◆ Task instructions ◆
Extract, exactly as written, the line that contains "Предварительный просмотр 53" and all lines after it through the end of the records. Omit pictures.

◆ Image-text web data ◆

==================================================

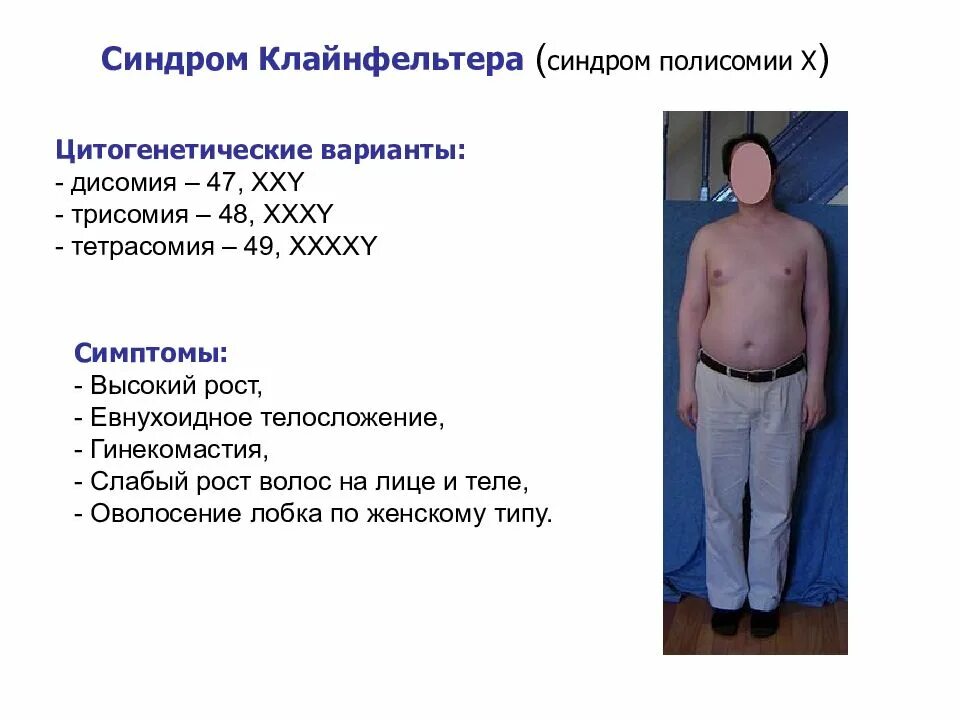 Клайнфельтера ожирение. Евнухоидные пропорции тела. Евнуховидный тип телосложения. Лишняя хромосома синдром клайнфельтера. Евнухоидное телосложение.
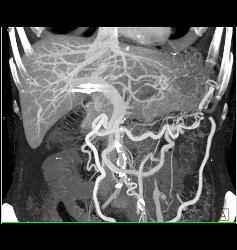 Neuroendocrine Tumor Encases the Aorta and Obstructs the Left Kidney - CTisus CT Scan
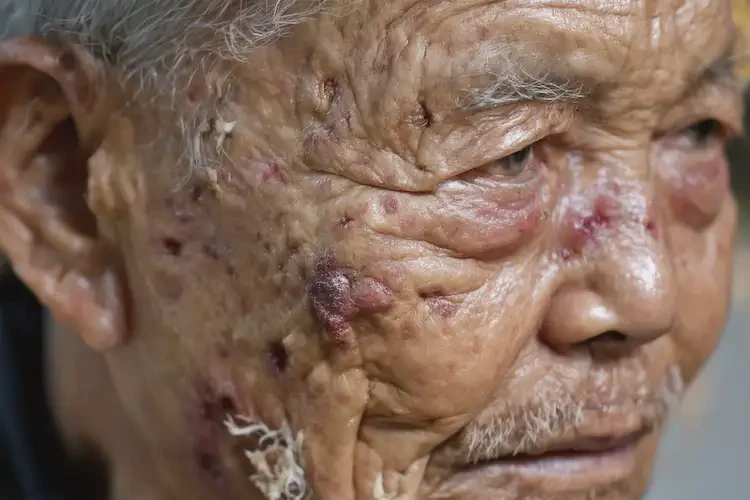 高龄老人全身经常起湿疹能不能彻底自愈(图4)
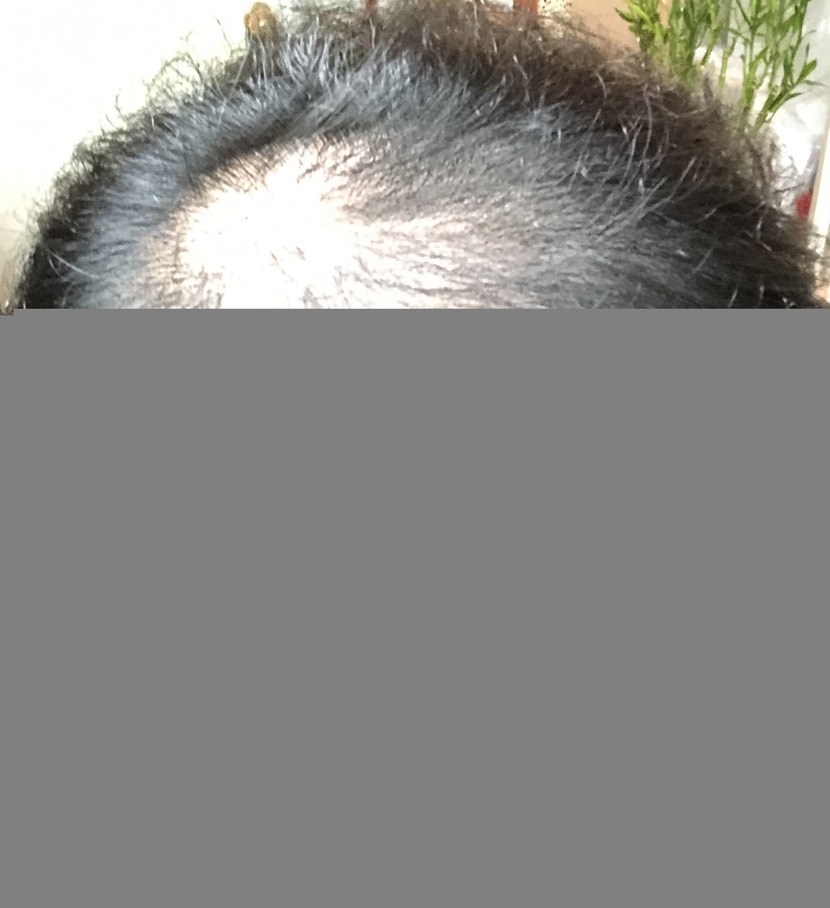 옛날 덮었을 때 사진입니다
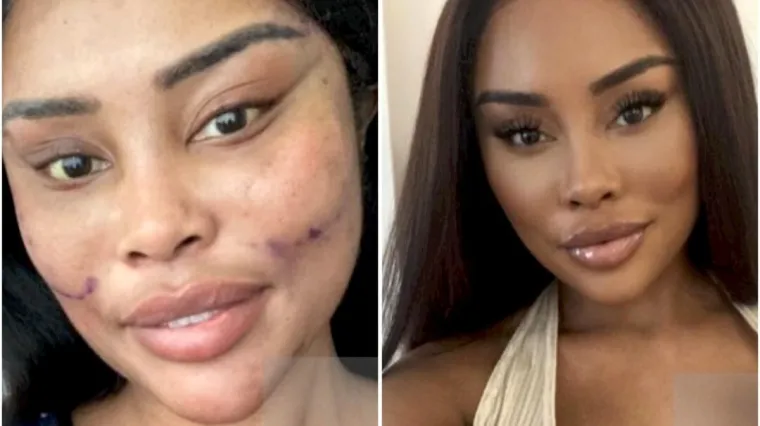 Od njezine transformacije padaju vilice: Potro&scaron;ila masnu lovu, ovako izgleda danas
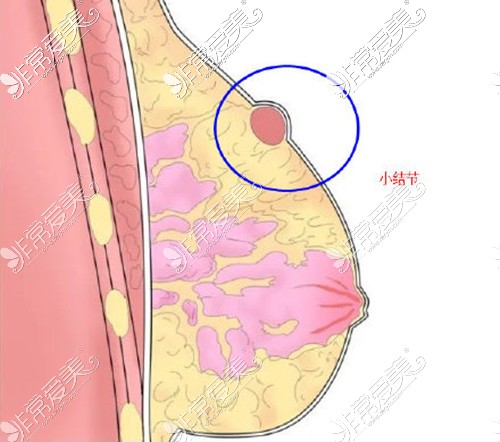 自体脂肪隆胸后小结节示意图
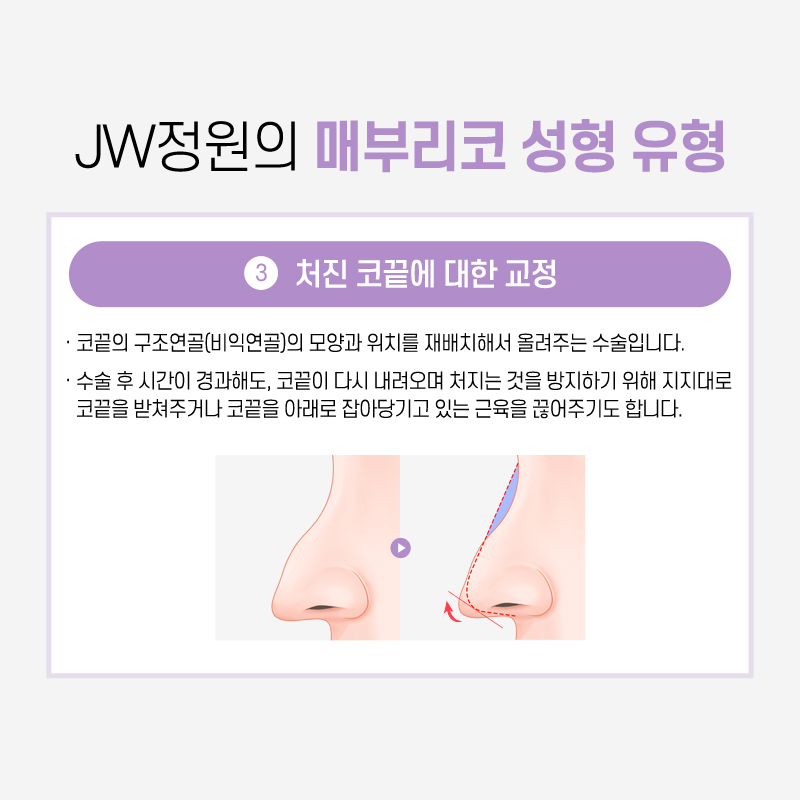 Hump Nose Surgery Cost: If You Want a Softer Line image 7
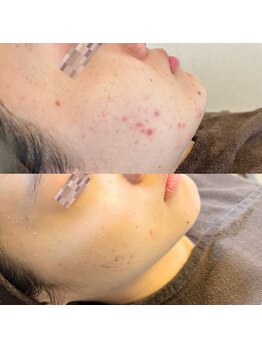 モモ(Momo.)/ハーブピーリング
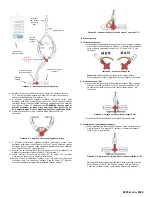 Предварительный просмотр 53 страницы Osprey Medical DyeVert Power XT Instructions For Use Manual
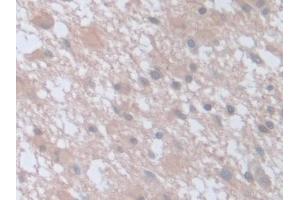 Detection of SNAP23 in Human Glioma Tissue using Polyclonal Antibody to Synaptosomal Associated Protein 23 kDa (SNAP23)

==================================================

◆ Exercise response ◆
 Предварительный просмотр 53 страницы Osprey Medical DyeVert Power XT Instructions For Use Manual
 Detection of SNAP23 in Human Glioma Tissue using Polyclonal Antibody to Synaptosomal Associated Protein 23 kDa (SNAP23)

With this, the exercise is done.